TASK DESCRIPTION:
Except for images, print the whole listing verbatim.

INFORMATION PROVIDED:
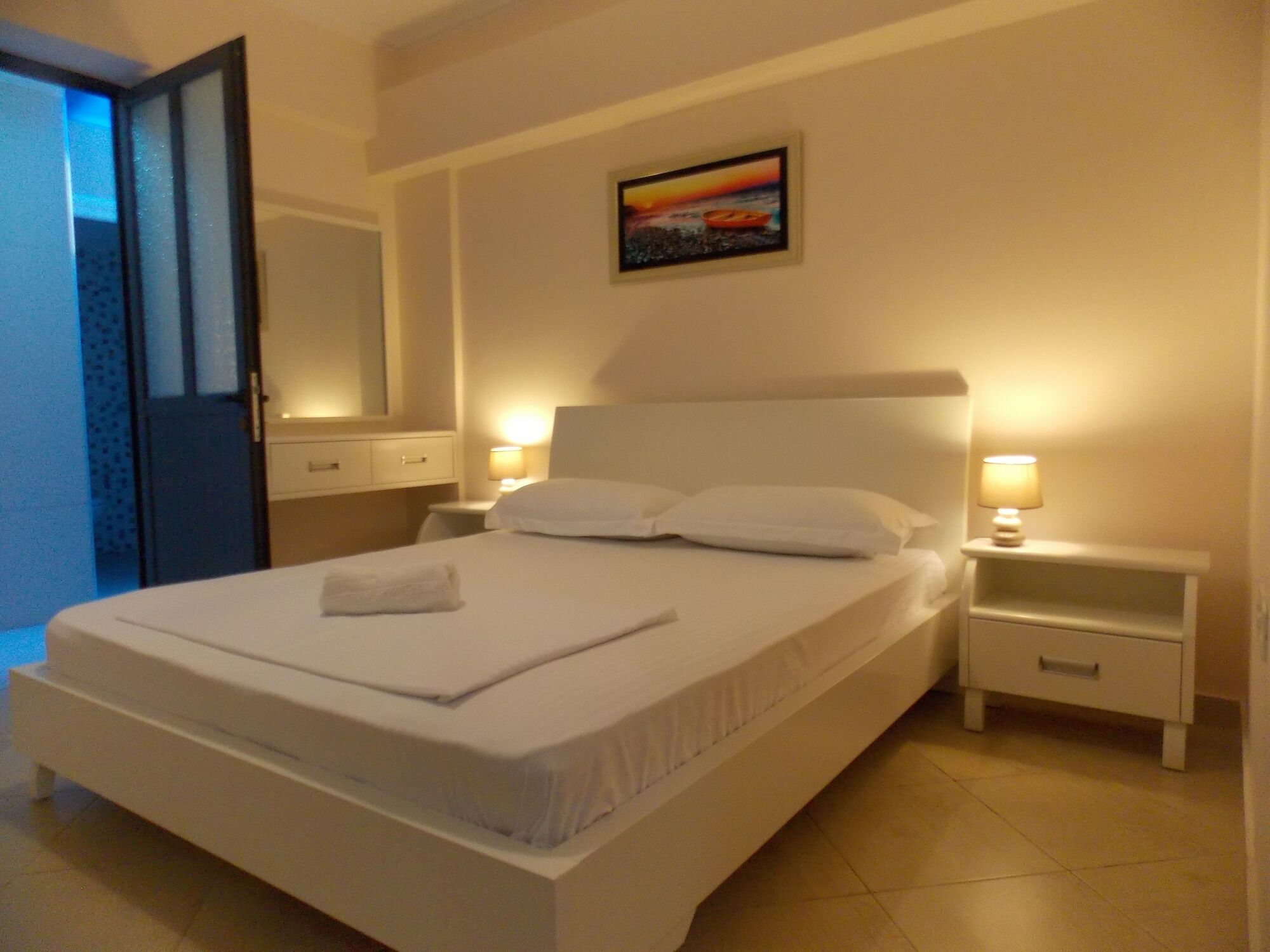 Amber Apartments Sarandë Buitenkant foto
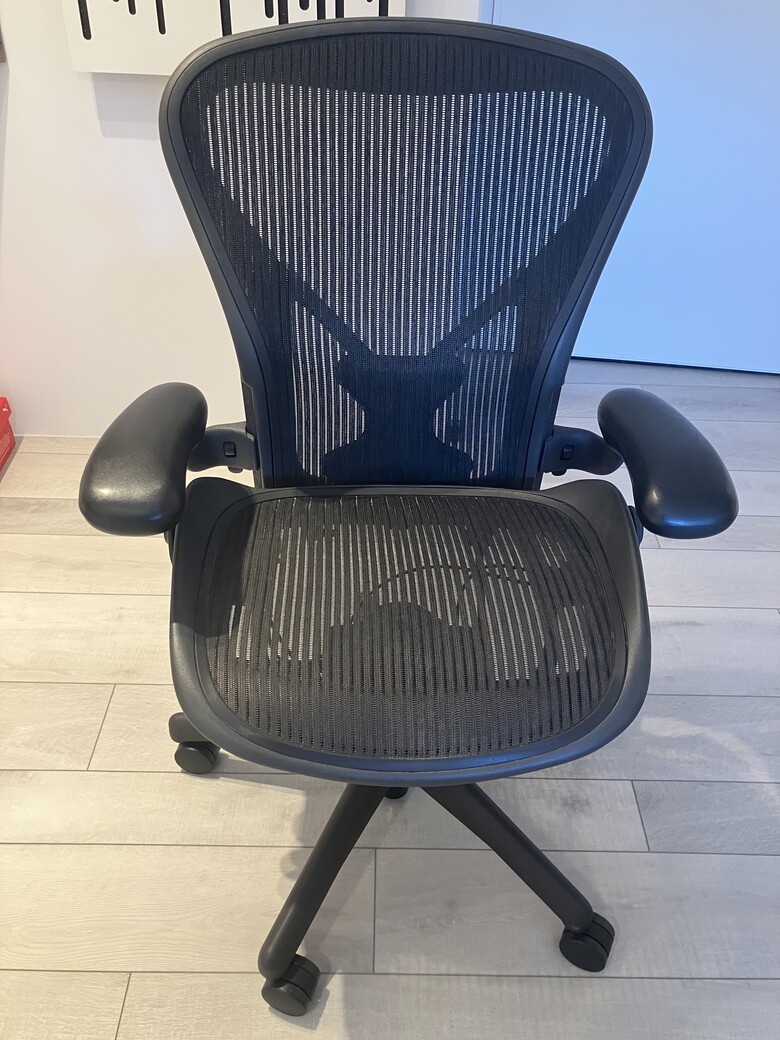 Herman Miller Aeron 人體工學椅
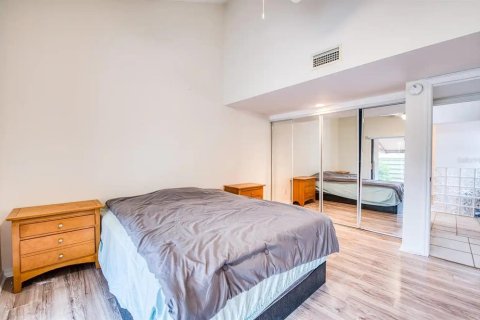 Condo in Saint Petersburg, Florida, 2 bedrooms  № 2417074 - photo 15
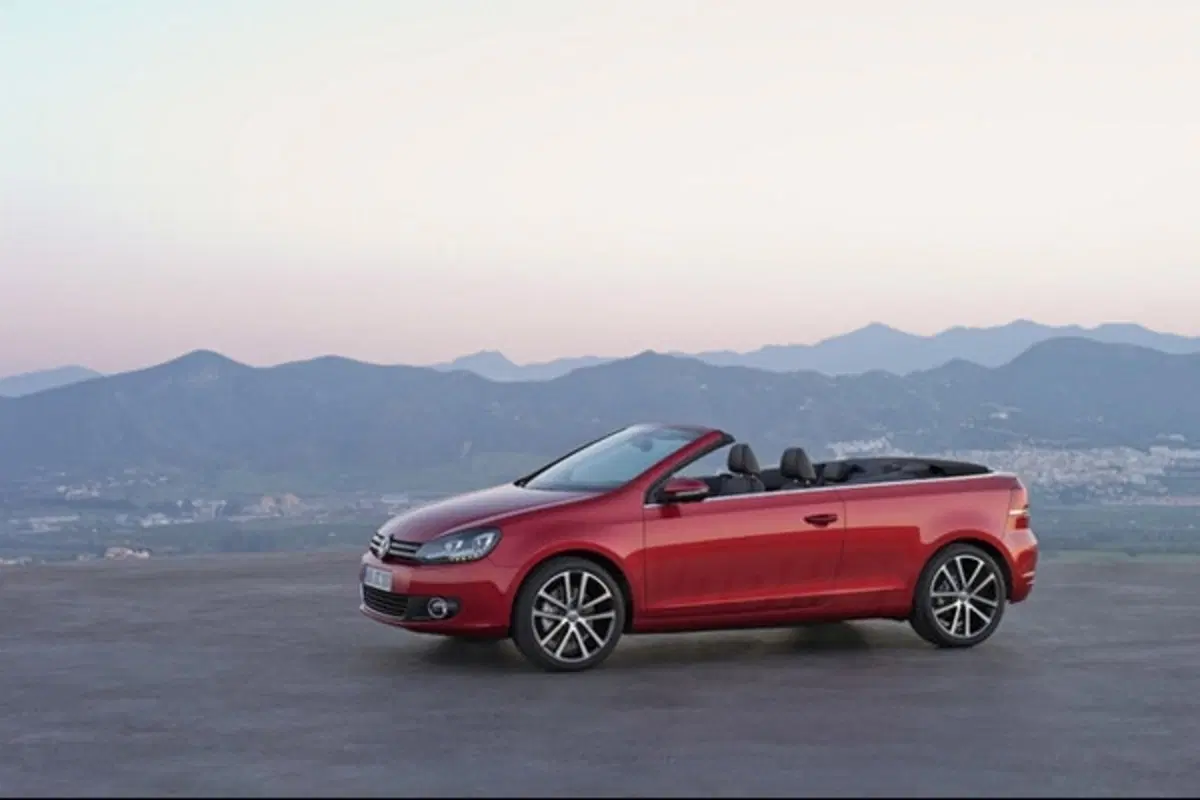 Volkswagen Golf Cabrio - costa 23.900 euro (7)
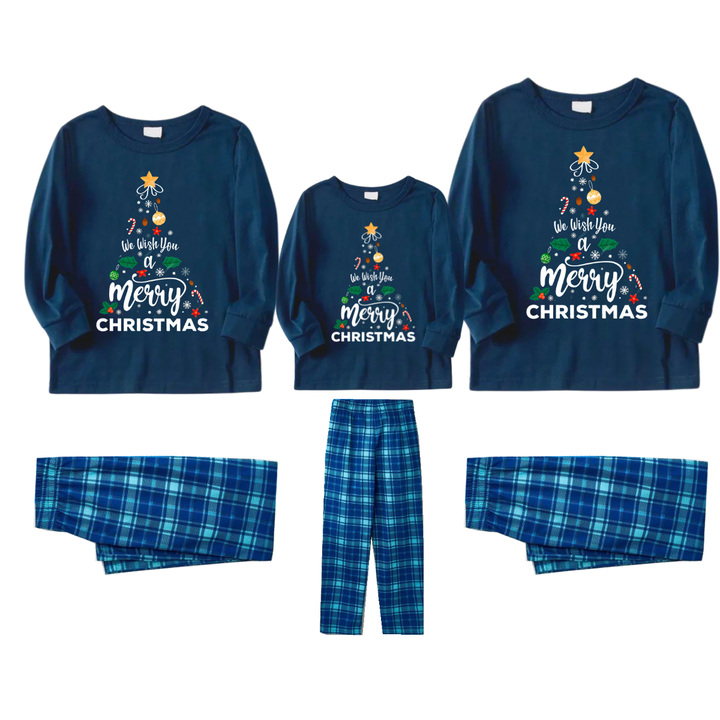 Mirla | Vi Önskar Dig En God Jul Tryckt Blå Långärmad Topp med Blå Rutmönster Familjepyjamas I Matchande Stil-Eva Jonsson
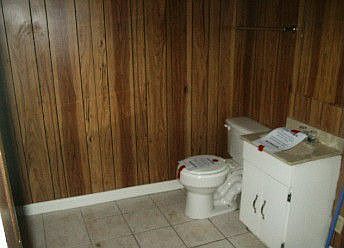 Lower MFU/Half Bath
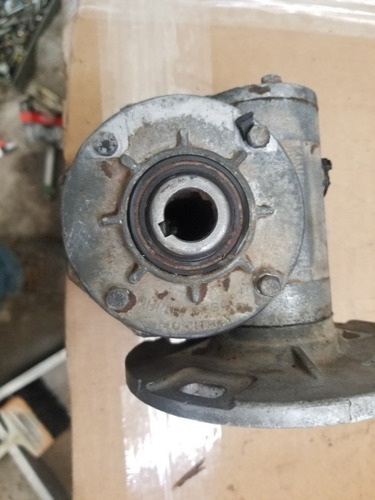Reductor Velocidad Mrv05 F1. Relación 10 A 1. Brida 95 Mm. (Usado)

EXERCISE SOLUTION:
 Amber Apartments Sarandë Buitenkant foto
 Herman Miller Aeron 人體工學椅
 Condo in Saint Petersburg, Florida, 2 bedrooms  № 2417074 - photo 15
 Volkswagen Golf Cabrio - costa 23.900 euro (7)
 Mirla | Vi Önskar Dig En God Jul Tryckt Blå Långärmad Topp med Blå Rutmönster Familjepyjamas I Matchande Stil-Eva Jonsson
 Lower MFU/Half Bath
Reductor Velocidad Mrv05 F1. Relación 10 A 1. Brida 95 Mm. (Usado)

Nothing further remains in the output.